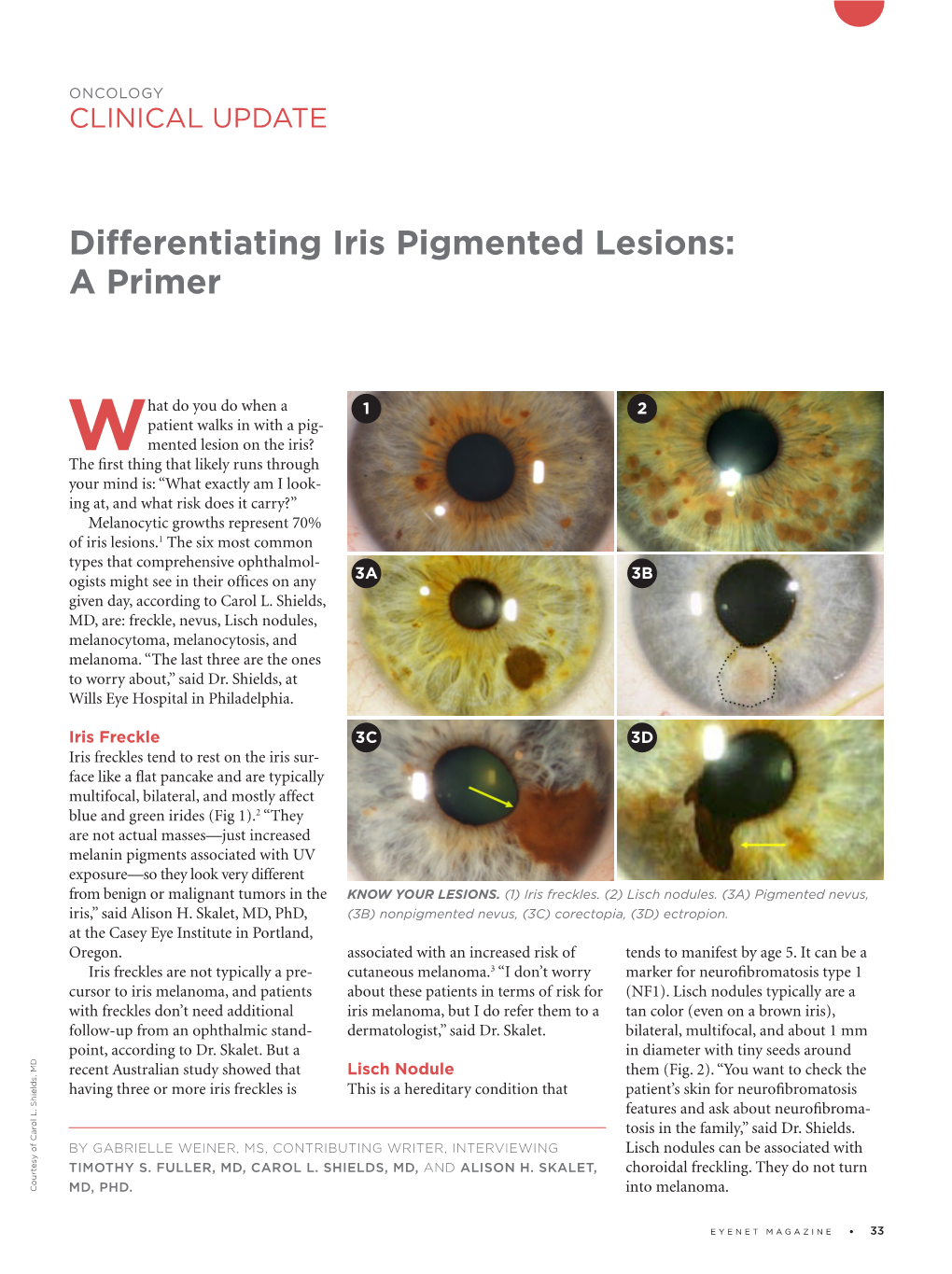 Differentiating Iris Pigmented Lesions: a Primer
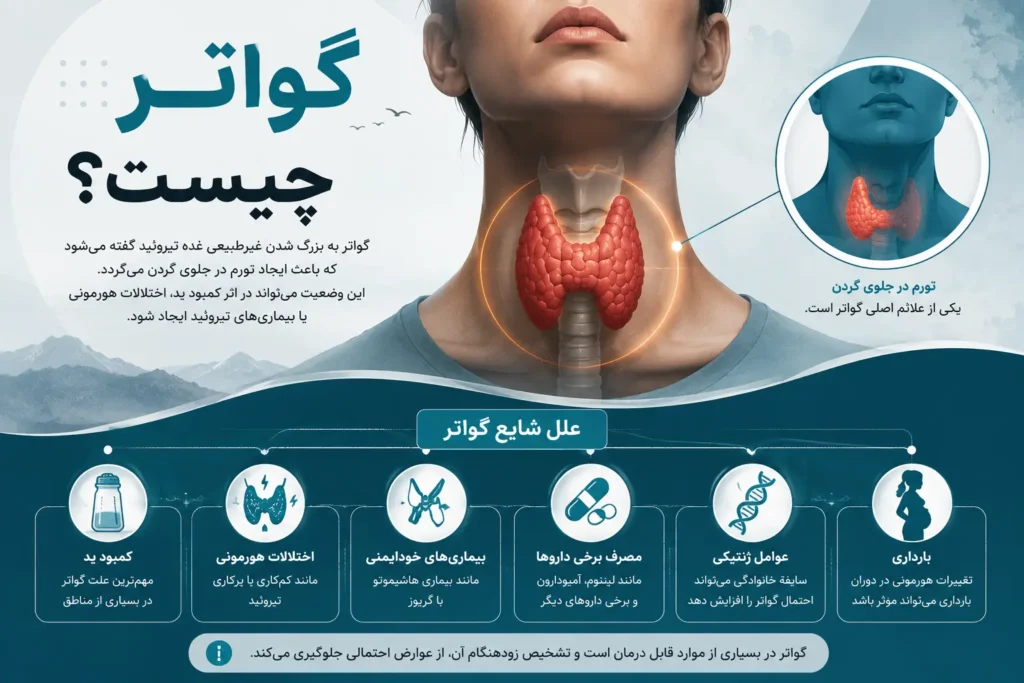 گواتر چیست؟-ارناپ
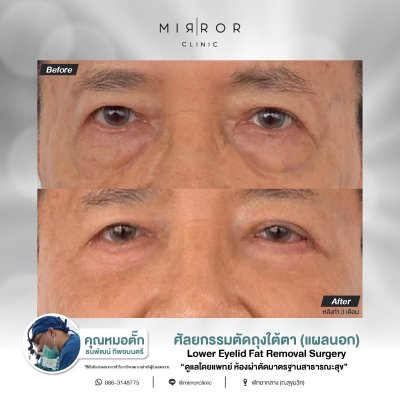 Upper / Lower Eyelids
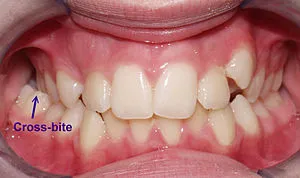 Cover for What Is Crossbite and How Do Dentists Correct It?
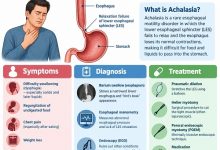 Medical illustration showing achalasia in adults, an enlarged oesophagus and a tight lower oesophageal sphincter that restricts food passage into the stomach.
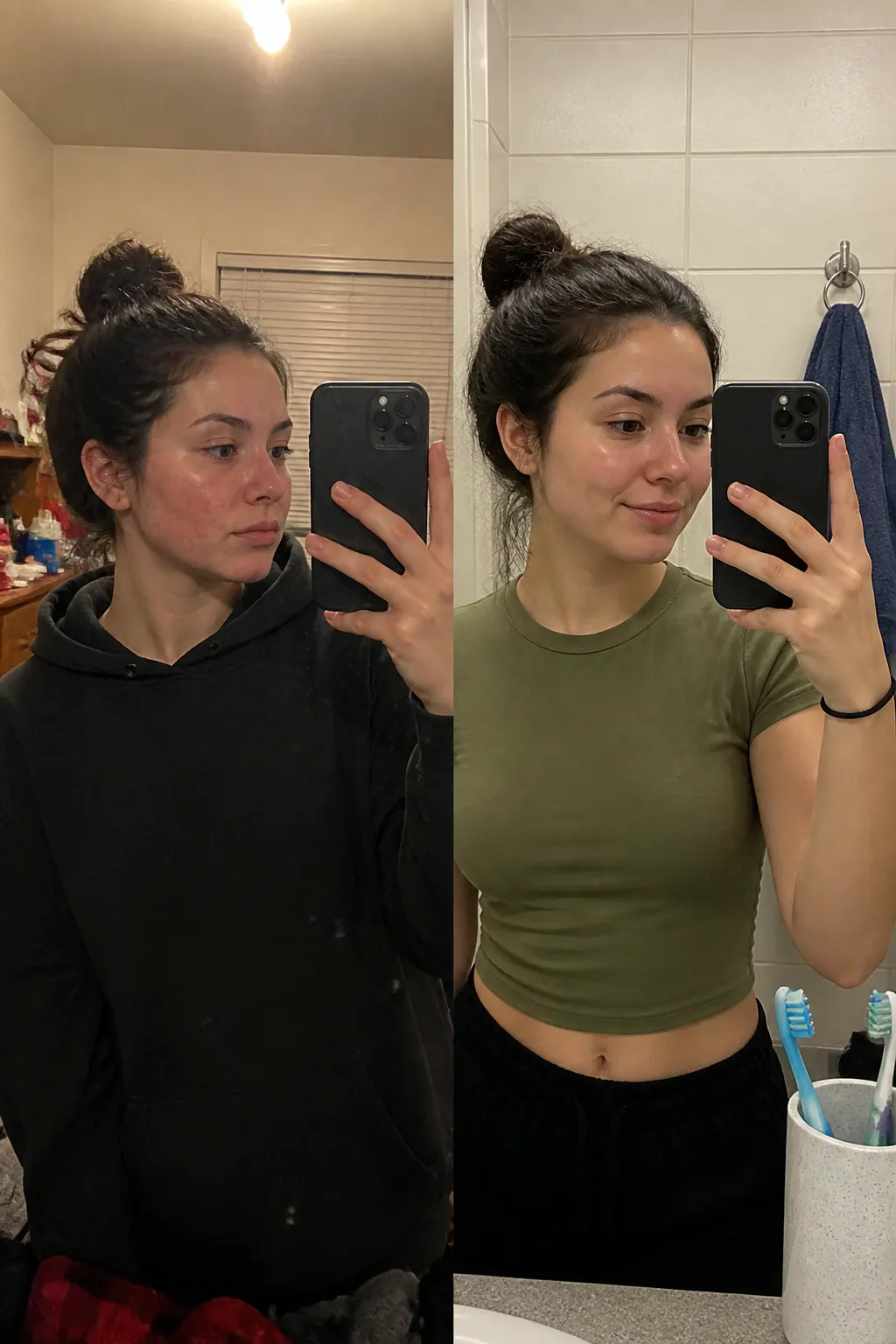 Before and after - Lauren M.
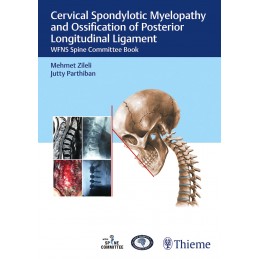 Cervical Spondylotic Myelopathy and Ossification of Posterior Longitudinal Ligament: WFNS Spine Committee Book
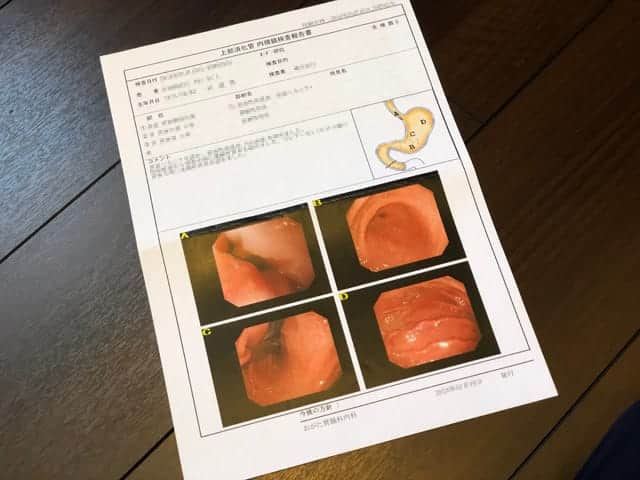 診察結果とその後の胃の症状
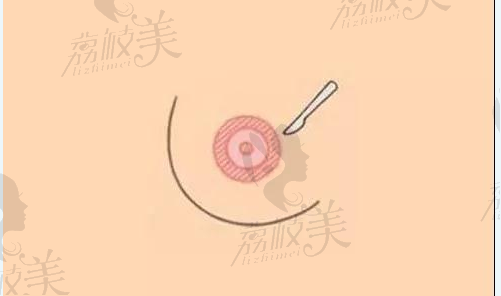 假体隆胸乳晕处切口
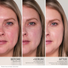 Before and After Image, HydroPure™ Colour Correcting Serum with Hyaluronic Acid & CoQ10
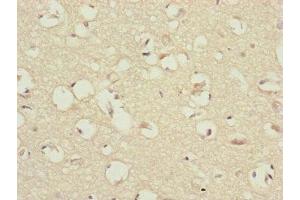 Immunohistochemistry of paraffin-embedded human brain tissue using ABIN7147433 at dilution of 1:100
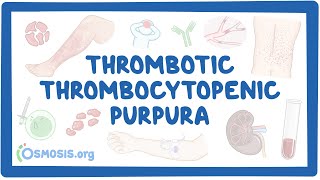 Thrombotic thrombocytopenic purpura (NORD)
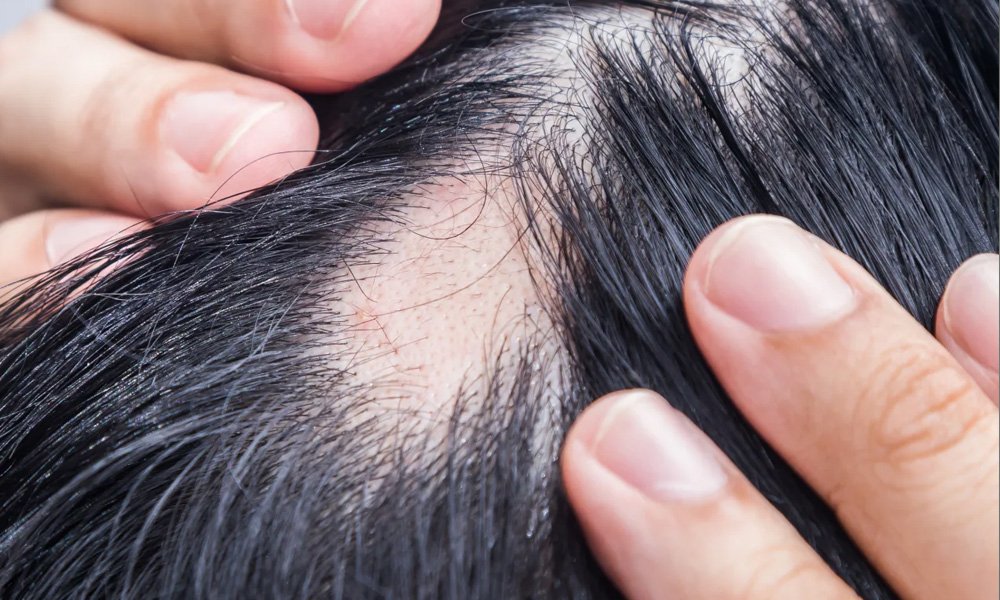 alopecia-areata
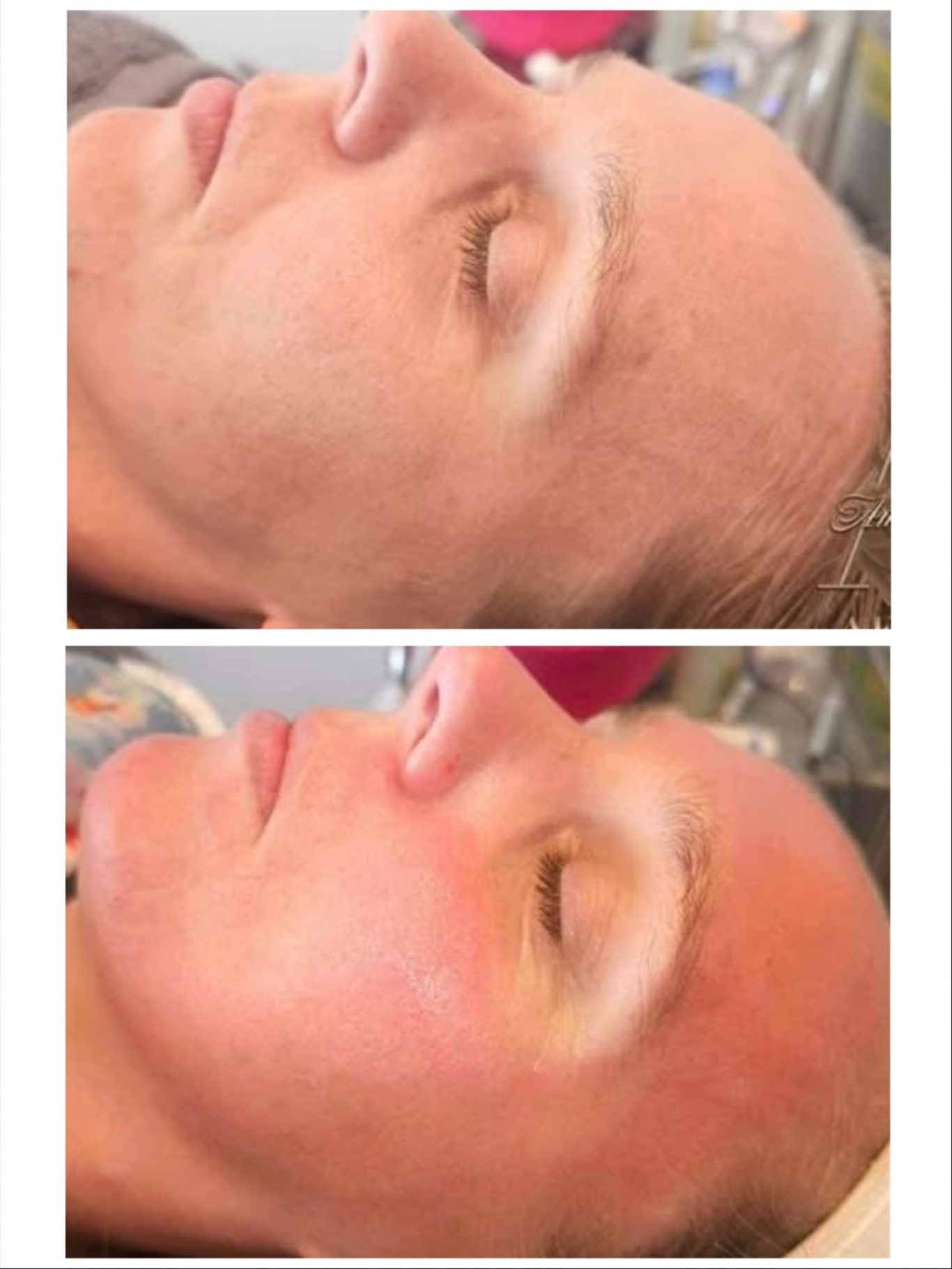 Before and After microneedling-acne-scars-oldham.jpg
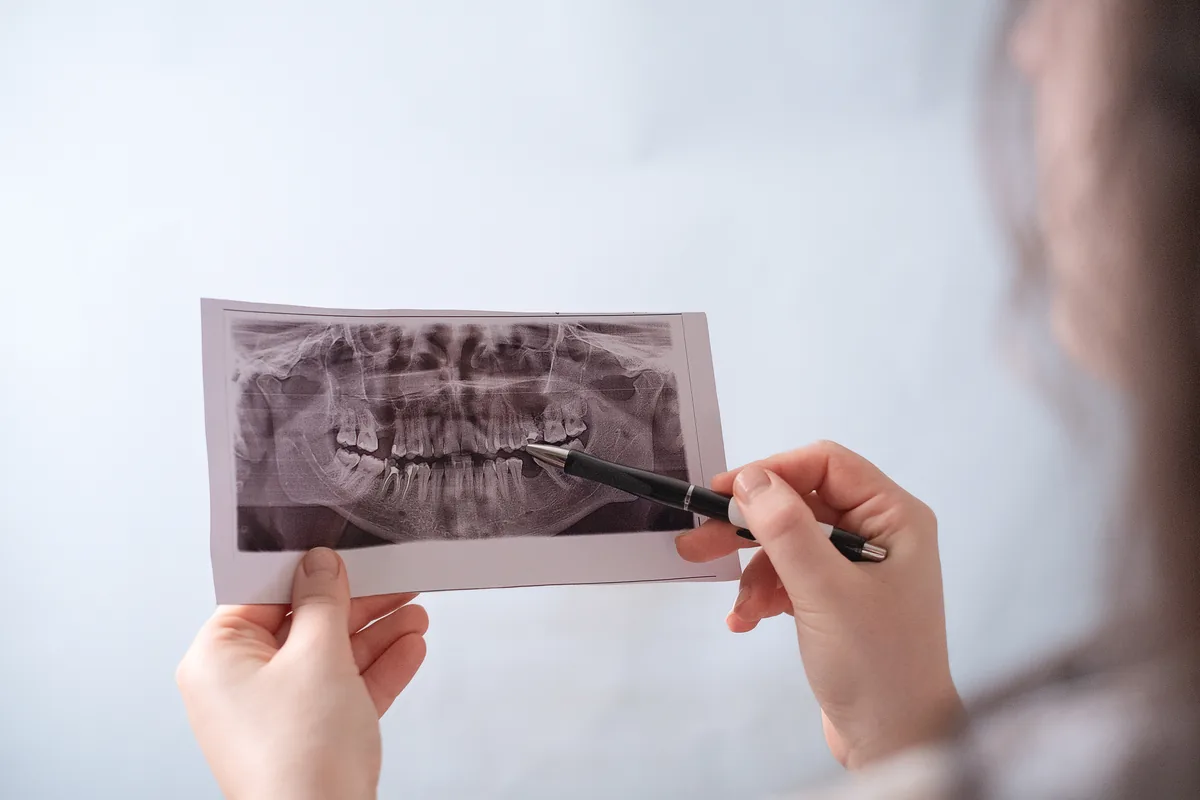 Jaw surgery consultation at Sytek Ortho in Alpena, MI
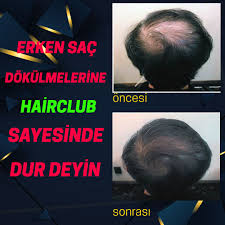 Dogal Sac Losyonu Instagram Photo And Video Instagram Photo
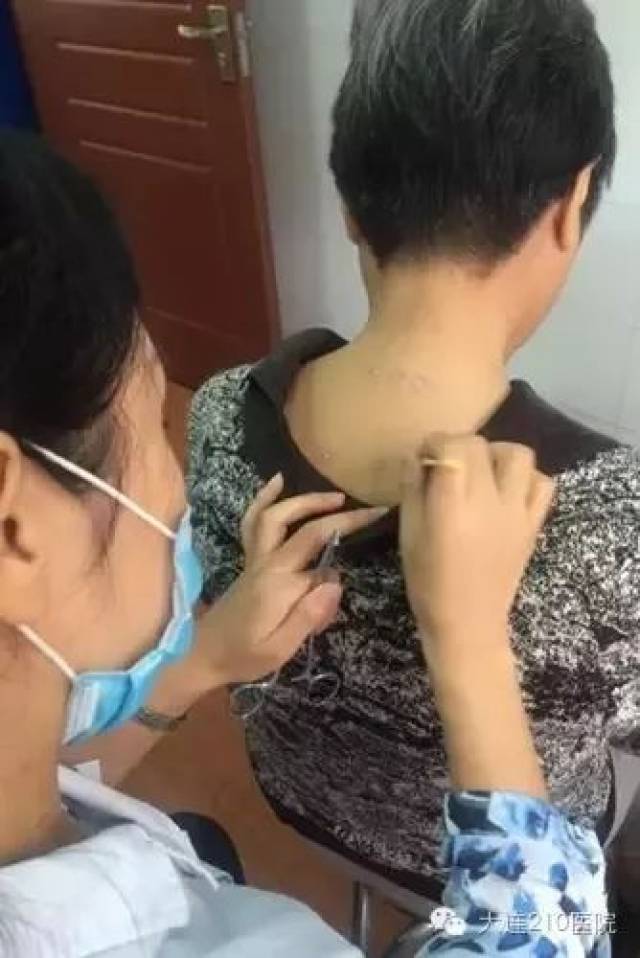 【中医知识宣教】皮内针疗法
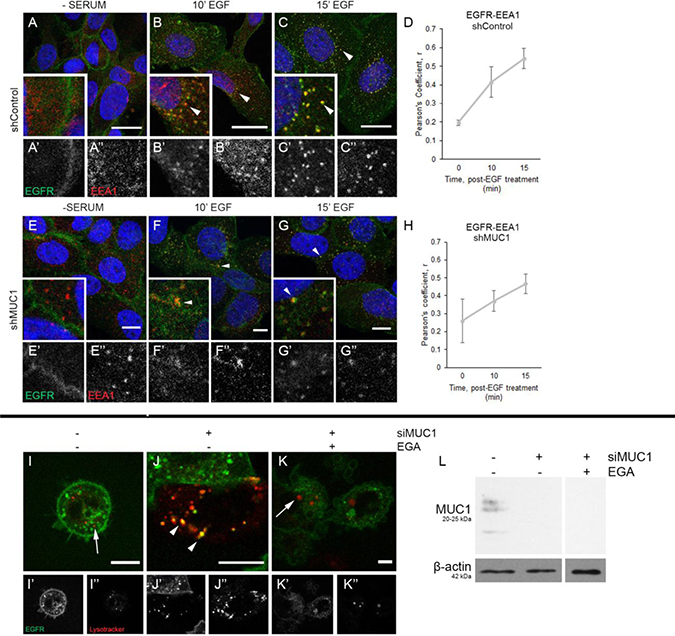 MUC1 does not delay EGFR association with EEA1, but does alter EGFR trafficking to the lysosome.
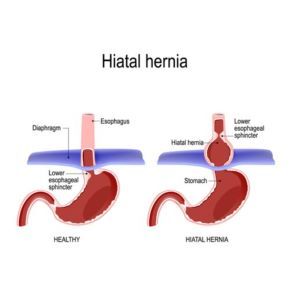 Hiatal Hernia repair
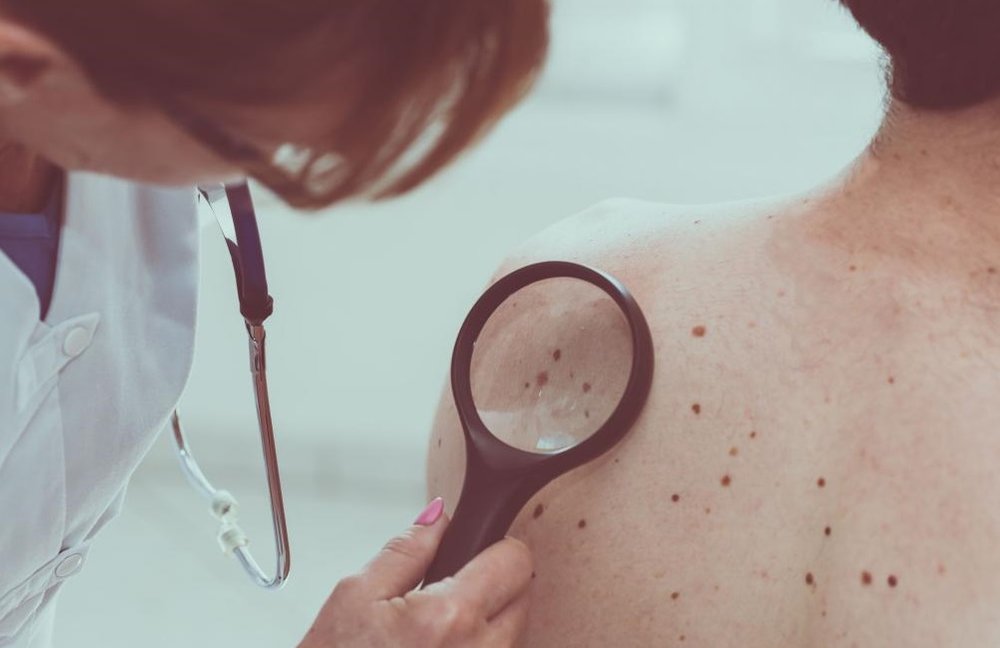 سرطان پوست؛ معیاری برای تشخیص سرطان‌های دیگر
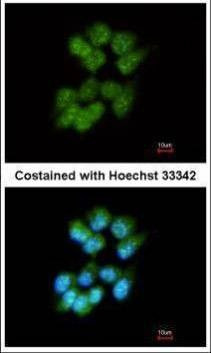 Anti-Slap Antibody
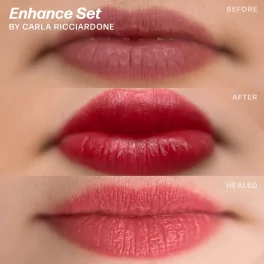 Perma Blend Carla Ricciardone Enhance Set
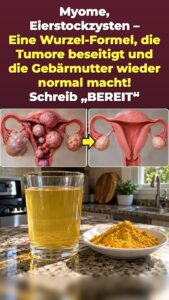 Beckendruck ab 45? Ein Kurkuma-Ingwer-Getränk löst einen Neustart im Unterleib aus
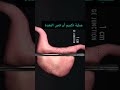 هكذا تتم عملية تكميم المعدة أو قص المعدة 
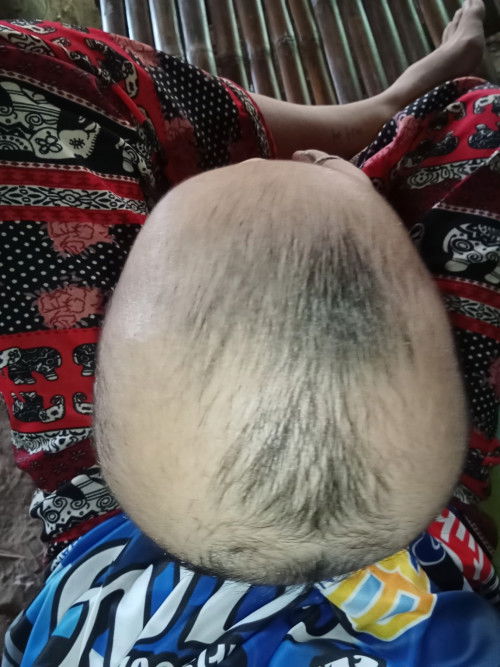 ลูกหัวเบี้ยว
----------
Exactly as written, restate the lines above from the opening line through the one holding "Beckendruck ab 45?", omitting the pictures.

▶ **Task output**:
 Differentiating Iris Pigmented Lesions: a Primer
 گواتر چیست؟-ارناپ
 Upper / Lower Eyelids
 Cover for What Is Crossbite and How Do Dentists Correct It?
 Medical illustration showing achalasia in adults, an enlarged oesophagus and a tight lower oesophageal sphincter that restricts food passage into the stomach.
 Before and after - Lauren M.
 Cervical Spondylotic Myelopathy and Ossification of Posterior Longitudinal Ligament: WFNS Spine Committee Book
 診察結果とその後の胃の症状
 假体隆胸乳晕处切口
 Before and After Image, HydroPure™ Colour Correcting Serum with Hyaluronic Acid & CoQ10
 Immunohistochemistry of paraffin-embedded human brain tissue using ABIN7147433 at dilution of 1:100
 Thrombotic thrombocytopenic purpura (NORD)
 alopecia-areata
 Before and After microneedling-acne-scars-oldham.jpg
 Jaw surgery consultation at Sytek Ortho in Alpena, MI
 Dogal Sac Losyonu Instagram Photo And Video Instagram Photo
 【中医知识宣教】皮内针疗法
 MUC1 does not delay EGFR association with EEA1, but does alter EGFR trafficking to the lysosome.
 Hiatal Hernia repair
 سرطان پوست؛ معیاری برای تشخیص سرطان‌های دیگر
 Anti-Slap Antibody
 Perma Blend Carla Ricciardone Enhance Set
 Beckendruck ab 45? Ein Kurkuma-Ingwer-Getränk löst einen Neustart im Unterleib aus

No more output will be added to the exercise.